Segment Start: Dataset content

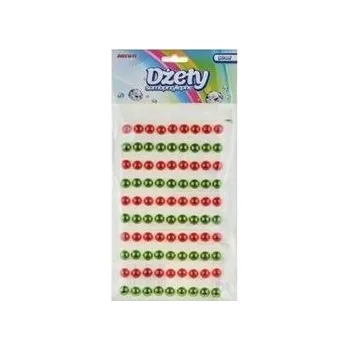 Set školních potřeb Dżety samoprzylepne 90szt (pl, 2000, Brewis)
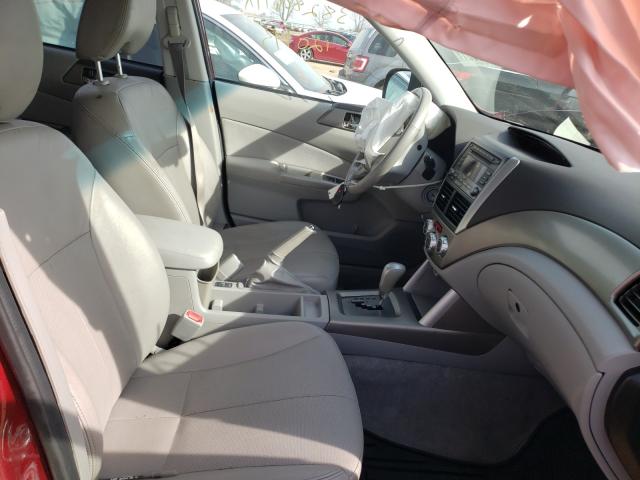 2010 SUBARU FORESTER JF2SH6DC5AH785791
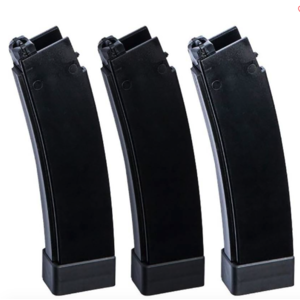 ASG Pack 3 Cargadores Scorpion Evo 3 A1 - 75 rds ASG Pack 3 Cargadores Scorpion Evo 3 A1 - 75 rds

Segment End: Dataset content

Task item: Retype the data above exactly; pictures are not part of the copy.

Reply:
 Set školních potřeb Dżety samoprzylepne 90szt (pl, 2000, Brewis)
 2010 SUBARU FORESTER JF2SH6DC5AH785791
 ASG Pack 3 Cargadores Scorpion Evo 3 A1 - 75 rds ASG Pack 3 Cargadores Scorpion Evo 3 A1 - 75 rds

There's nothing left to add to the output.